Friday, 26 December 2014




FILM 1260: THE GREEN MILE

TRIVIA:  The prison guards wear uniforms to give the movie a better feel, even though uniforms weren't in use at the time in which the movie is set.

In actuality, Michael Clarke Duncan is of a similar height as his co-star David Morse and is a couple of inches shorter than James Cromwell. Among other things, creative camera angles were used to create the illusion that Duncan as John Coffey towered over the prison staff, even Brutal Howell and Warden Moores.

When the producers were having trouble finding the right actor to fill the role of John Coffey, Bruce Willis suggested Michael Clarke Duncan with whom he had co-starred in Armageddon (1998).

Originally, Tom Hanks was going to play the Old Paul Edgecomb but the makeup tests didn't make him look credible enough to be an elderly man. Dabbs Greer was cast instead as the older Paul Edgecomb.

Originally set in 1932, the timeframe was bumped to 1935 so the movie Top Hat (1935) could be featured.

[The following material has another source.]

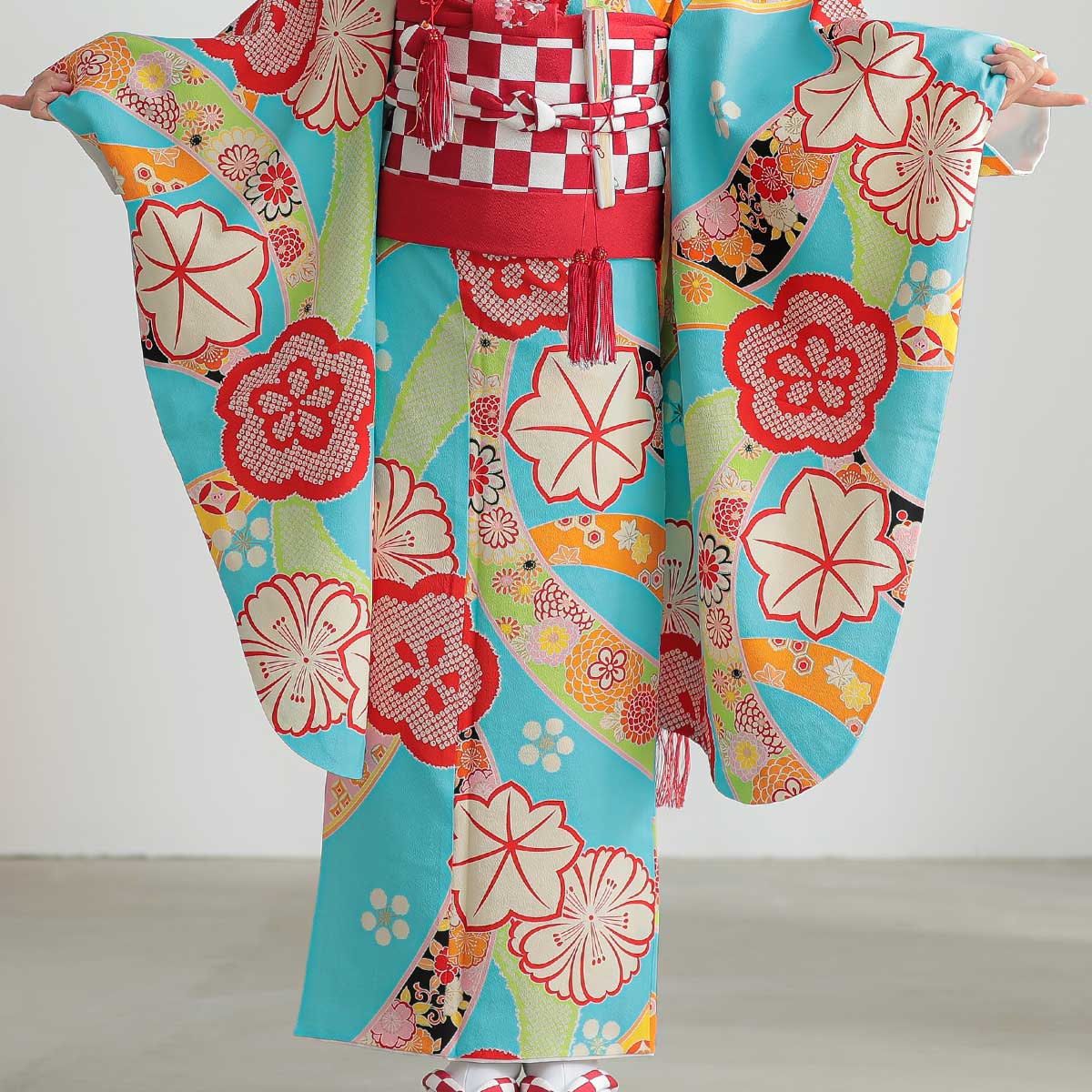 七五三七歳四つ身：N128 紅一点 【正絹】水色 紅梅に花々 | 七五三着物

The reason Stephen King serialized The Green Mile was because it was a deliberate response to fans who flipped to the end of his books, something his mother used to do. The fans would have to wait for the last installment to find out the ending. King wrote each one with its own miniature climax, but even he admitted he didn't have a clue how the story would end.

Doug Hutchison (Percy) was given, according to the director, the squeakiest shoes he'd ever heard. He thought this was the greatest bit of fate, and a "perfectly wonderful, annoying character trait" that he kept it in the movie, and you can hear sometimes how loud his shoes are.

Voted number 2 in Channel 4 (UK) "Top 100 Tearjerkers" countdown, losing first place to "E.T The Extra Terrestrial".


The music played over the loudspeakers in the retirement home as Old Paul Edgecomb first walks out of his room is the same as the music the nurses played at medication time in One Flew Over the Cuckoo's Nest (1975). The music used is Mantovani's Charmaine.